В 1999 году Вадим Валерианович вновь вернулся к этой теме в статье «О тайне гибели Поэта» («Москва», 1999, № 6). Он значительно детализирует событийно-человеческий фон трагедии, при этом положения двух предыдущих работ, как и они сами, почти в полном объеме органично входят в данную статью. Называются и новые авторы, которые в разное время высказывали идеи, созвучные кожиновским. Это Николай Страхов и Владислав Ходасевич.
Вообще в год 200-летия со дня рождения А.С.Пушкина В.Кожинов опубликовал восемь статей о поэте. В них рассматриваются самые разные вопросы: от места рождения Пушкина («Где родился поэт?» // «Труд», 1999, 5 мая) до его историософских взглядов («Пушкин и Чаадаев. Из истории русского национального самосознания // «Национальные интересы», 1992, № 2). Одиннадцать статей о Пушкине вошли в книгу Вадима Валериановича «Великое творчество. Великая Победа» (М., 1999), в которой закономерно связываются явление Поэта и наша Победа 1945 года.
Через многочисленные «пушкинские» интервью Кожинова лейтмотивом проходит мысль, вынесенная в заглавие беседы с Вяч. Морозовым, ― «Мы все еще должны дорасти до пушкинских стихов» («Наш современник», 1999, № 6). О Вадиме Валериановиче Кожинове можно сказать, что он до пушкинских стихов дорос.
В.Кожинов считает, что распространенная точка зрения: в России была только литература ― абсурдна. И это действительно так, ведь «высота и богатство слова невозможны без высоты и богатства самого бытия» («Вопросы литературы», 1987, № 12). Отсюда столь пристальный интерес исследователя к истории и к литературе как своеобразнейшему «высшему плоду» ее.
Эту полюбившуюся мысль В.Кожинов затем повторял неоднократно, и в измененном «расширенном» варианте она за год до его смерти проросла в названии «Поэзия, искусство и культура ― это высший плод истории» («Роман-газета XXI век», 2000, №1). А 5 августа 1999 года в интервью В.Липунову и В.Румянцеву В.Кожинов, оглядываясь назад, выдвинул такую версию соотношения истории и литературы в своей жизни: «В сущности лет 15 назад я перестал заниматься литературой. Тогда я занимался литературой, но для того, ― теперь я понимаю, ― чтобы теперь глубже заняться историей. Чтобы заниматься историей, необходимо получить представление о том, что называется вечными ценностями. Только с этой точки зрения возможно объективно подойти к истории» («Русский переплет», 1999, 5 августа).

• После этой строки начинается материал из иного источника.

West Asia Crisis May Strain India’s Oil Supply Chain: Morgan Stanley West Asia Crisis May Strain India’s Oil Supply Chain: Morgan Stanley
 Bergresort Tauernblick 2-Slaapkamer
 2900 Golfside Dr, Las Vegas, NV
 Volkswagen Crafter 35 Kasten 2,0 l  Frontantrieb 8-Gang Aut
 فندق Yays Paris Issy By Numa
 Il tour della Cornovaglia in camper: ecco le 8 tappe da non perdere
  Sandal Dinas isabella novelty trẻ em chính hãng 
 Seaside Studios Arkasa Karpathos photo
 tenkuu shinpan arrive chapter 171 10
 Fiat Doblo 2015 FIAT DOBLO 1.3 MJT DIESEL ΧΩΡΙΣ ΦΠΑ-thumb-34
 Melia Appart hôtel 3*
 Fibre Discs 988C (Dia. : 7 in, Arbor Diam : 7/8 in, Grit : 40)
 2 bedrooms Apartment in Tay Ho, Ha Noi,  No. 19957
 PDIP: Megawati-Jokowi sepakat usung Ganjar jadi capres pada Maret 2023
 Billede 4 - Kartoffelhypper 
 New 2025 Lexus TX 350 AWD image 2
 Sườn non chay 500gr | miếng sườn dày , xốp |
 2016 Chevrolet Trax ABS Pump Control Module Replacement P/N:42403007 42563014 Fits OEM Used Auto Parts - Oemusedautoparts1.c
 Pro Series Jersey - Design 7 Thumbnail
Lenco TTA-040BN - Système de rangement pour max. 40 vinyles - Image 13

История рассматривается В.Кожиновым и как осмысливаемый объект, и как показатель мировоззренческого и творческого роста художника, исследователя литературы. Критика интересует не только фактическая сторона вопроса, но и трактовка тех или иных событий и явлений действительности. При выявлении исторических ошибок, допущенных писателями и исследователями литературы, В.Кожинов последователен и беспристрастен. Например, ему одинаково неприемлемы, мягко выражаясь, неточности «правого» С.Алексеева и «левого» А.Рыбакова, о которых он говорит в статьях «Огни прошлого» («Литературная учеба», 1986, № 6) и «Правда и истина» («Наш современник», 1988, № 4). Может показаться, что порою В.Кожинов слишком строг в своих суждениях, отказывая некоторым литдеятелям не только в культуре, но и в образованности. Понять требовательность, бескомпромиссность Вадима Валериановича в этом вопросе вполне можно: дело дошло до того, что мы стали чужеземцами в своей истории и культуре, а нередко иностранцы знают наше наследие лучше современных историков, писателей, критиков, литературоведов. И если у Арсения Гулыги в статье «Поиски абсолюта» («Новый мир», 1987, № 10) хватило мужества признать, что глаза на истоки не только русской, но и западно-европейской литературы и философии ему открыл славист из Германии Л.Мюллер, указав на «Слово о Законе и Благодати» Иллариона, то многие русскоязычные авторы продолжают пребывать в плену левых стереотипов. Так, В.Каверин в статье «Большой день» в конце 80-х утверждал, что русская тысячелетняя история литературы «началась с гениального «Слова о полку Игореве», но еще более странно то, что, по мнению писателя, только после победы Октябрьской революции, благодаря «деятелям левого направления в искусстве» ― Мейерхольду, Татлину, Маяковскому, Пастернаку, которые поняли ее «как собственную победу», «русская культура рванулась на мировую магистраль» («Вопросы литературы», 1987, № 11).
Сознательное и неосознанное самооплевывание «левых» кавериных принципиально отличается от самокритичности «правых». Самокритичность, как одну из ведущих национальных особенностей русских, В.Кожинов рассматривает в статье «И назовет меня всяк сущий в ней язык…» («Наш современник», 1981, № 11). Он обращает внимание на то, что «беспощадный самосуд» вызван утверждающим пафосом и высоким идеалом. Природа и причины самооплевывания иные, о чем немало и убедительно говорилось А.Кузьминым, М.Лобановым, В.Кожиновым, А.Казинцевым и другими правыми авторами. Мы же приведем высказывание Ф.М.Достоевского, как бы предвидевшего и прогрессирующую в ХХ веке тенденцию самооплевывания, и современную литературную ситуацию: «Самоуважение нам нужно, наконец, а не самооплевывание. Не бойтесь: застоя не будет» (Достоевский Ф. Полн. собр. соч.: В 30 т. – Т.26. – Л., 1983).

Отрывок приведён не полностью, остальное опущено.